Location
- Country: Russia

Physical characteristics
- • location: Munni Range
- • coordinates: 64°15′33″N 128°46′32″E﻿ / ﻿64.25917°N 128.77556°E
- • elevation: ca 169 m (554 ft)
- Mouth: Lena
- • coordinates: 63°30′49″N 128°49′50″E﻿ / ﻿63.51361°N 128.83056°E
- Length: 114 km (71 mi)
- Basin size: 4,560 square kilometres (1,760 mi^{2})

Basin features
- Progression: Lena→ Laptev Sea

= Belyanka (river) =

River in Yakutia, Russia

The Belyanka (Белянка; Белянка) is a river in the Sakha Republic (Yakutia), Russia, a right tributary of the Lena. It has a length of 114 km —217 km counting the Munni at its head— and a drainage basin area of 4560 km2.

There are no settlements in the basin of the river. The nearest village is Batamay, located to the east of its mouth in the Lena.

==Course==
The Belyanka originates in the Munni Range at the confluence of rivers Munni from the west and Tagyndzha from the east in the southwestern area of the Verkhoyansk Range. The Munni flows from the slopes of the Tagindzhin Range and its valley is bound by the eastern end of the Muosuchan Range.

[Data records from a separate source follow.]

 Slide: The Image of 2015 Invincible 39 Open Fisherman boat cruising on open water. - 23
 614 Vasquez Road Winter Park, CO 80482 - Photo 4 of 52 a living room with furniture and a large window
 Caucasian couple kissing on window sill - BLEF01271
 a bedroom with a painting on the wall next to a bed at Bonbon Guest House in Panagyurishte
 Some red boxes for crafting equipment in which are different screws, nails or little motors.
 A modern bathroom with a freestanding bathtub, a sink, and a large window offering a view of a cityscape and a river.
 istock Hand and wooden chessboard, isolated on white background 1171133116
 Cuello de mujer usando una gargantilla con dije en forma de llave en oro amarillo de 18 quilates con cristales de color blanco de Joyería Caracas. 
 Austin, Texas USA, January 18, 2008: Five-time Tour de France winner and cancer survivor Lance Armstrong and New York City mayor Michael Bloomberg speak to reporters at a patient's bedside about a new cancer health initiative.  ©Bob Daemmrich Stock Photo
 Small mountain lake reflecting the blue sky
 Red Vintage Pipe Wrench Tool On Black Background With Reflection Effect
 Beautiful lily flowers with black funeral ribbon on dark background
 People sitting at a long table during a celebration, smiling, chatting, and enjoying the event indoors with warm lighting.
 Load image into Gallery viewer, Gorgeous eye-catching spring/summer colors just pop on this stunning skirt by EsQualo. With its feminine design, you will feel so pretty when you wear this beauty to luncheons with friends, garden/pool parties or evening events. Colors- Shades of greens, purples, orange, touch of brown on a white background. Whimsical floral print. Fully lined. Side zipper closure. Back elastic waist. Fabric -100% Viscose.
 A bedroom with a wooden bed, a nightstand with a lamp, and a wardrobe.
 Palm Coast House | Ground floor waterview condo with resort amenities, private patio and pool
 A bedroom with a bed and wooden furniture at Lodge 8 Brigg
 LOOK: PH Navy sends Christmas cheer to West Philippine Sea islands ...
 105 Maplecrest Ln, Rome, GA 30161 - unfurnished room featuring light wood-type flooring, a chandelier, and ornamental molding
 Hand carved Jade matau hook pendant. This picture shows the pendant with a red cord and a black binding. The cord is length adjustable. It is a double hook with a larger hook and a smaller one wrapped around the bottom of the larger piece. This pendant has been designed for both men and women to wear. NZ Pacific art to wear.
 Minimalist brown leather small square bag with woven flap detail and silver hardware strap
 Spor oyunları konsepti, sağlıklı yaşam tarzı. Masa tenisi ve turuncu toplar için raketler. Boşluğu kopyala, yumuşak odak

In the upper section of its course the Belyanka river cuts across the mountainous terrain of the Sorkin Range heading roughly southwards in a narrow valley. Soon it leaves the mountainous area and flows southwards flowing slowly and dividing into branches across the Central Yakutian Lowland in a wide floodplain. Close to its last stretch there are lakes and marshes. Finally the Belyanka meets the right bank of the Lena 1277 km from its mouth, a little upstream from Sangar and downstream of the mouth of the Batamay and the confluence of the Aldan.

The river freezes between mid October and the end of May.

==Fauna==
The waters of the Belyanka are very clear. Lenok, taimen, grayling and whitefish are among the fish species found in the river.